ASSIGNMENT:
Given the listing below, write out exactly the lines starting with the line that has "Расточная державка ISO - S20N-STFPR-16" and going on through the line that has "Slice Jumper — безкоштовна онлайн гра", both kept.

THE RECORDS:
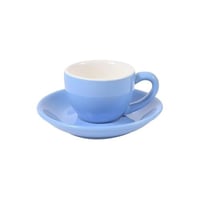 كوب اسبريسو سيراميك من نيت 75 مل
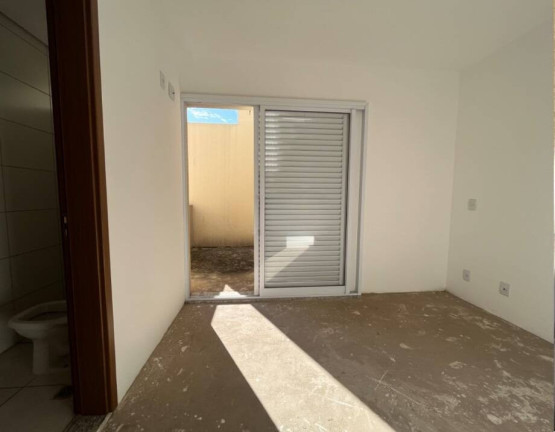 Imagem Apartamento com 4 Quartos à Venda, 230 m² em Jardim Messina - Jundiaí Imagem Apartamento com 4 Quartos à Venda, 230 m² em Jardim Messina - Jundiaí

==

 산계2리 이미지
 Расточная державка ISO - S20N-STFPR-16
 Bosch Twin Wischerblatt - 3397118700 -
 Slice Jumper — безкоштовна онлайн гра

ANSWER BELOW:
 Расточная державка ISO - S20N-STFPR-16
 Bosch Twin Wischerblatt - 3397118700 -
 Slice Jumper — безкоштовна онлайн гра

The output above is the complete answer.